Автор книги: Виктор Мещеряков
Жанр: Языкознание, Наука и Образование
Возрастные ограничения: +16
сообщить о неприемлемом содержимом
Текущая страница: 5 (всего у книги 45 страниц) [доступный отрывок для чтения: 15 страниц]
Литература XVII–XVIII веков
Протопоп Аввакум
(1620 или 1621 – 1682)
Аввакум Петров
Отмечая историческое значение деятельности Аввакума Петрова, А. Н. Толстой писал: «…в омертвелую словесность, как буря, ворвался живой, мужицкий, полнокровный голос. Это были гениальные „Житие“ и „Послания“ бунтаря, неистового протопопа Аввакума». Конечно, русская литература XVII века не была «омертвелой словесностью», но суть «бунтарского» творчества Аввакума Толстой обозначил очень точно.
Аввакум Петров был крупнейшим идеологом русского старообрядчества. Старообрядчество возникло как противодействие стремлению Русского государства объединить в единой обрядовой системе церковь великорусскую и церкви воссоединяемых украинских и белорусских областей. За основу была взята обрядовая система греческой церкви. Движение старообрядчества зародилось в среде низового духовенства, недовольного обременительными для него реформами патриарха Никона, но скоро под знаменем «старой веры» стали объединяться все недовольные и, прежде всего, крепостное крестьянство и «плебейские» элементы городского посада, оппозиционные государству.

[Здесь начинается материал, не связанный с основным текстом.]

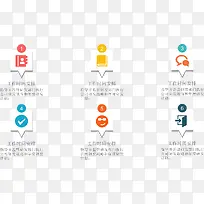 步骤目录流程图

Своеобразная, очень индивидуальная манера Аввакума, автобиографизм и субъективизм его сочинений связаны с тяжелыми обстоятельствами его личной жизни. Большую часть своих произведений Аввакум написал в Пустозерске, в земляном «срубе», где он просидел последние пятнадцать лет своей жизни. Здесь им было написано более шестидесяти сочинений: знаменитое «Житие», «слова», послания, толкования, поучения, челобитные, беседы, письма. Здесь, в Пустозерске, у Аввакума не было слушателей, он не мог проповедовать своим «детям духовным», и ему ничего не оставалось, как взяться за перо. Так родился гениальный писатель.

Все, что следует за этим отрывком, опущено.